**Directions**
Any pictures in the records below should be skipped; write out everything else exactly.

**Exercise inputs**
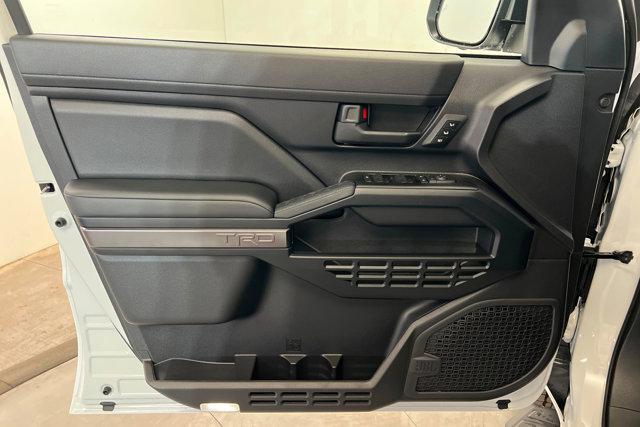 new 2026 Toyota 4Runner car, priced at $63,098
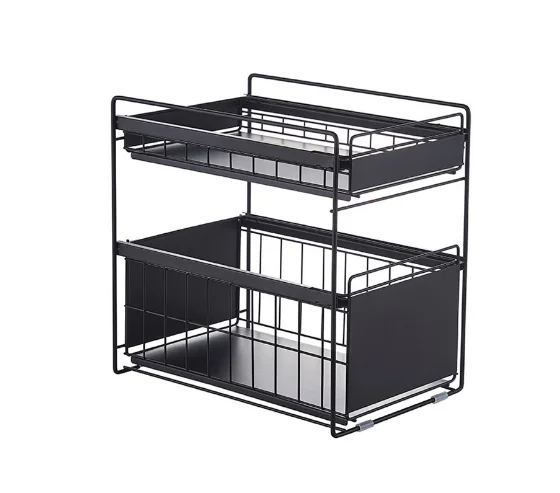 Kitchen Multi-layer Floor-to-ceiling The Push-pull Storage Jianjian-70 Drawer Under Under Cabinet Sink Under The Rack Telescopic
Kitchen Multi-layer Floor-to-ceiling The Push-pull Storage Jianjian-70 Drawer Under Under Cabinet Sink Under The Rack Telescopic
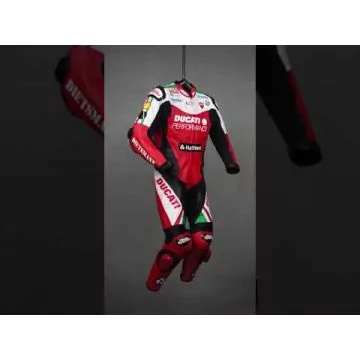 Carl Fogarty MotoGP Racing Suit Price Ducati WSBK 1999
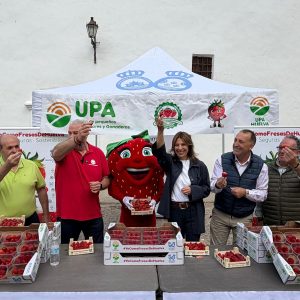 La iniciativa ha tenido lugar en la plaza del Teniente Arce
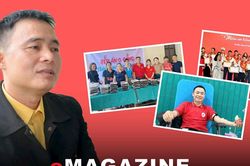 Hạnh phúc là được sẻ chia với cộng đồng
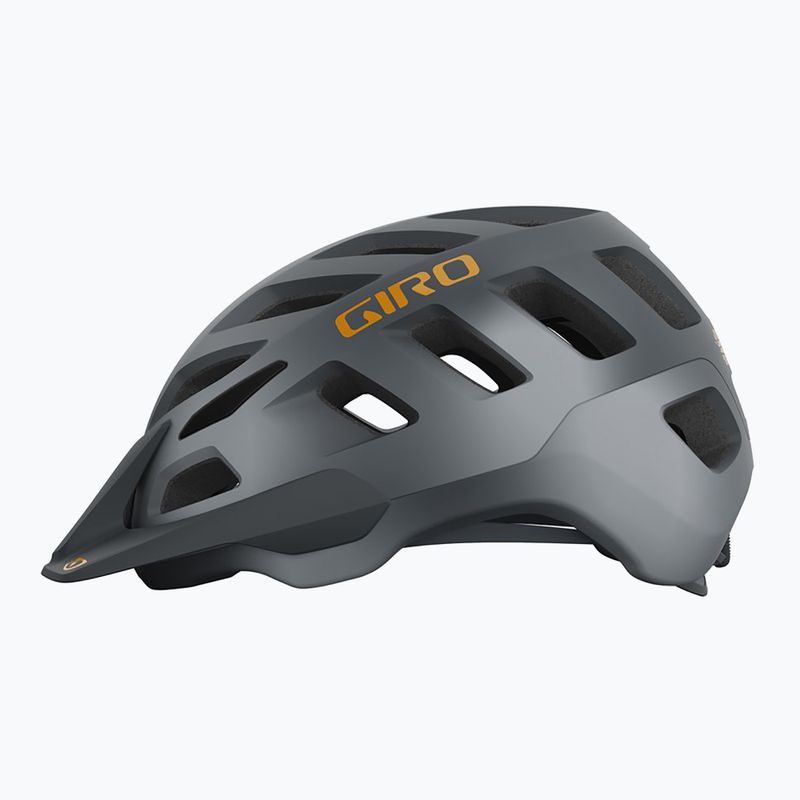 Велосипедна каска Giro Radix Integrated MIPS matte dark shark dune 2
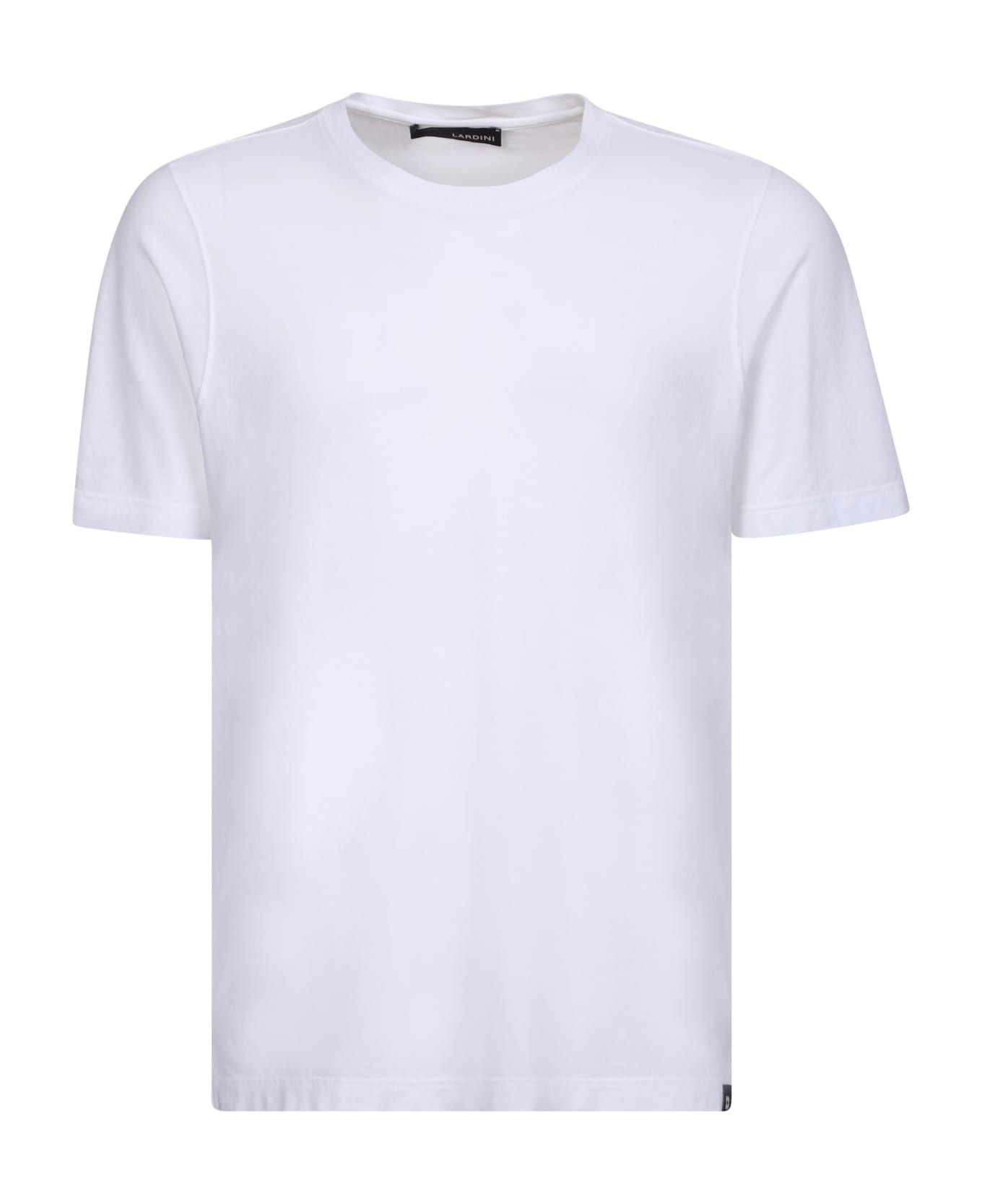 Lardini Cotton T-shirt - White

**Response area**
 new 2026 Toyota 4Runner car, priced at $63,098
 Kitchen Multi-layer Floor-to-ceiling The Push-pull Storage Jianjian-70 Drawer Under Under Cabinet Sink Under The Rack Telescopic
Kitchen Multi-layer Floor-to-ceiling The Push-pull Storage Jianjian-70 Drawer Under Under Cabinet Sink Under The Rack Telescopic
 Carl Fogarty MotoGP Racing Suit Price Ducati WSBK 1999
 La iniciativa ha tenido lugar en la plaza del Teniente Arce
 Hạnh phúc là được sẻ chia với cộng đồng
 Велосипедна каска Giro Radix Integrated MIPS matte dark shark dune 2
 Lardini Cotton T-shirt - White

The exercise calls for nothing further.